Saved data entries:
================
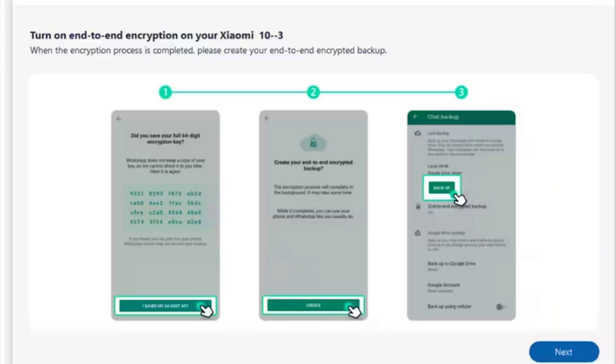Step 4: Scan the 64-Digit Key on the Platform. When you press Next on the computer screen, you will be prompted to process the next task on your Android device by tapping on 'Turn On' to generate your 64-digit key. You will be provided with a 64-digit key on your Android screen. By clicking 'Scan', the platform will automatically scan the key and progress to the next screen.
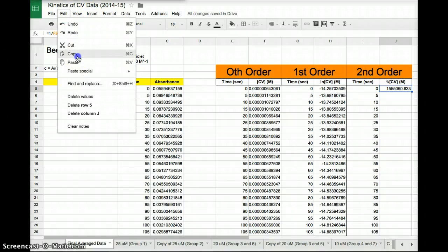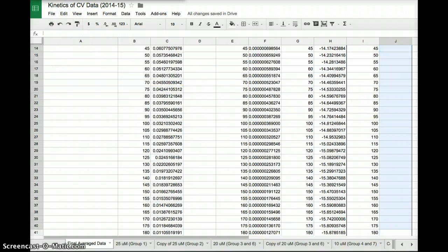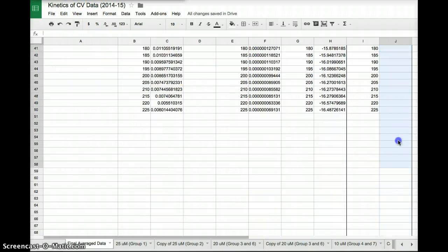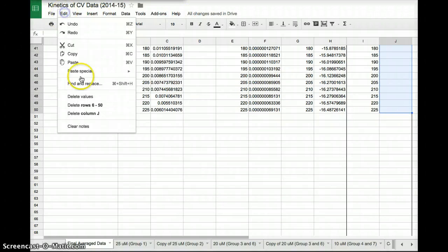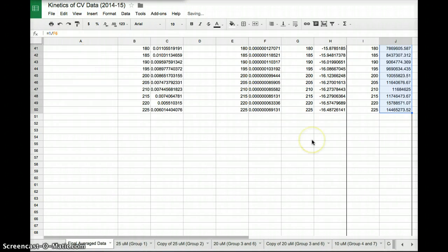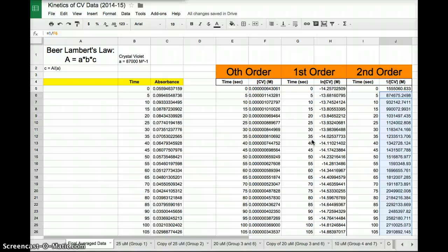I'm going to edit, copy that function, and I'm going to paste it all the way through. Boom. To get those data points. Cool. So now I have all the tables with all the data that I need to make these graphs.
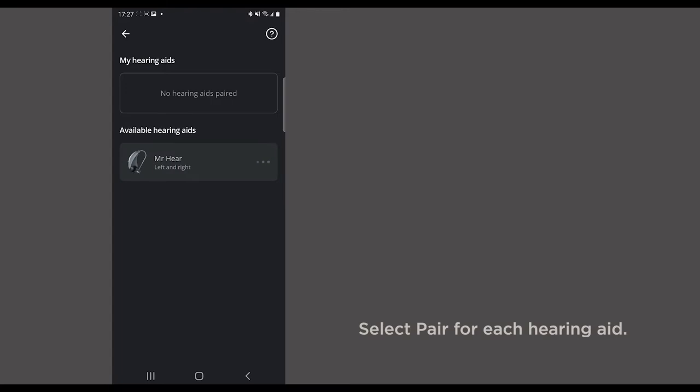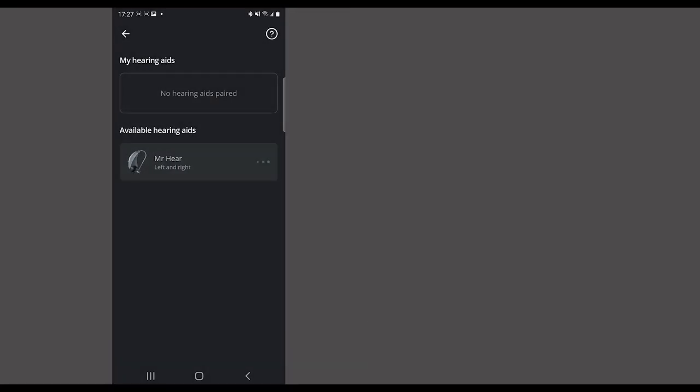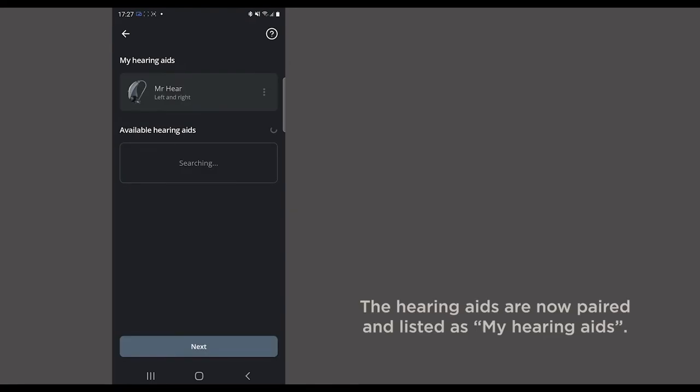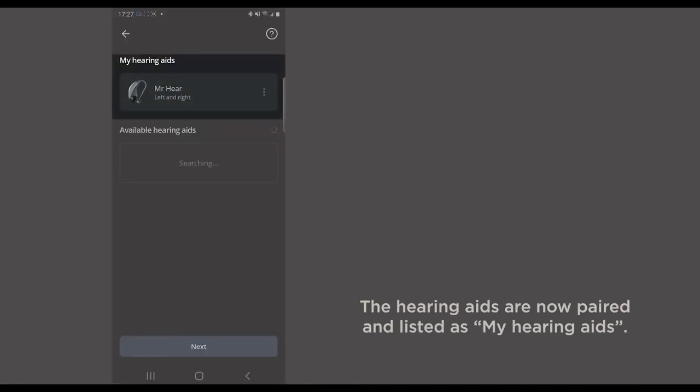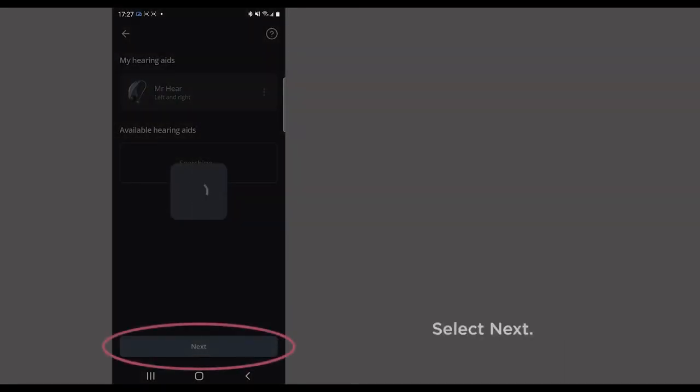Select Pair for each hearing aid. The hearing aids are now paired and listed as My Hearing Aids. Select Next.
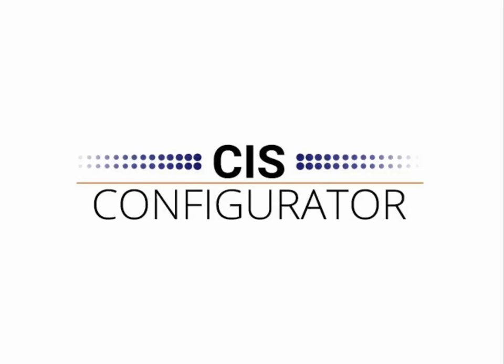CIS Configurator is an easy-to-use yet powerful solution that works with SAP Business One. Internal SAP users can easily create sales quotations and sales orders for your products with many options that adhere to the rules and logic created.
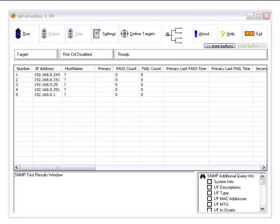This is a demonstration of IP Pulse. IP Pulse is a connectivity status monitoring tool. As you can see right here, we have a list of IP addresses that we're going to monitor.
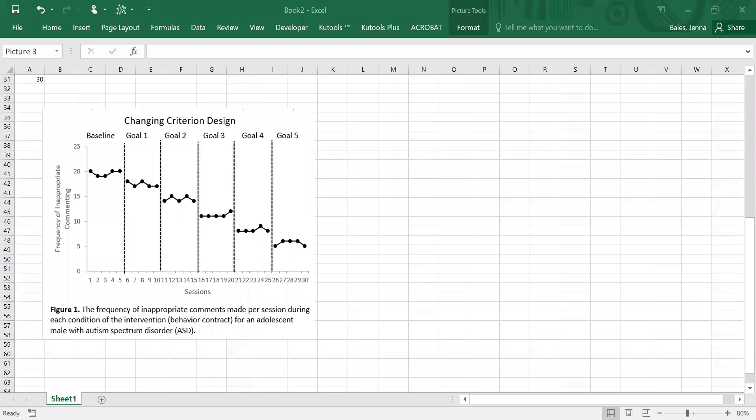Hi and thanks for tuning in. I am Jenna Bales, a board-certified behavior analyst in Ontario, Canada, and this video will review how to create a changing criterion design in Microsoft Excel.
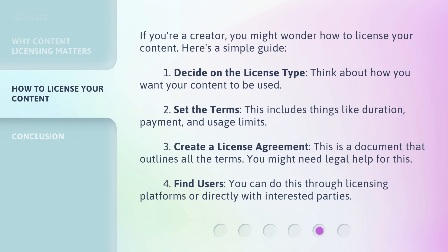If you're a creator, you might wonder how to license your content. Here's a simple guide. First, decide on the license type — think about how you want your content to be used. Second, set the terms, including things like duration, payment, and usage limits. Third, create a license agreement — this is a document that outlines all the terms; you might need legal help for this. Fourth, find users through licensing platforms or directly with interested parties.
================
Task instructions:
No pictures belong in the output. Restate word for word only the lines from the one containing "I'm going to edit, copy" to the end of the entries above.

Output for this exercise:
I'm going to edit, copy that function, and I'm going to paste it all the way through. Boom. To get those data points. Cool. So now I have all the tables with all the data that I need to make these graphs.
Select Pair for each hearing aid. The hearing aids are now paired and listed as My Hearing Aids. Select Next.
CIS Configurator is an easy-to-use yet powerful solution that works with SAP Business One. Internal SAP users can easily create sales quotations and sales orders for your products with many options that adhere to the rules and logic created.
This is a demonstration of IP Pulse. IP Pulse is a connectivity status monitoring tool. As you can see right here, we have a list of IP addresses that we're going to monitor.
Hi and thanks for tuning in. I am Jenna Bales, a board-certified behavior analyst in Ontario, Canada, and this video will review how to create a changing criterion design in Microsoft Excel.
If you're a creator, you might wonder how to license your content. Here's a simple guide. First, decide on the license type — think about how you want your content to be used. Second, set the terms, including things like duration, payment, and usage limits. Third, create a license agreement — this is a document that outlines all the terms; you might need legal help for this. Fourth, find users through licensing platforms or directly with interested parties.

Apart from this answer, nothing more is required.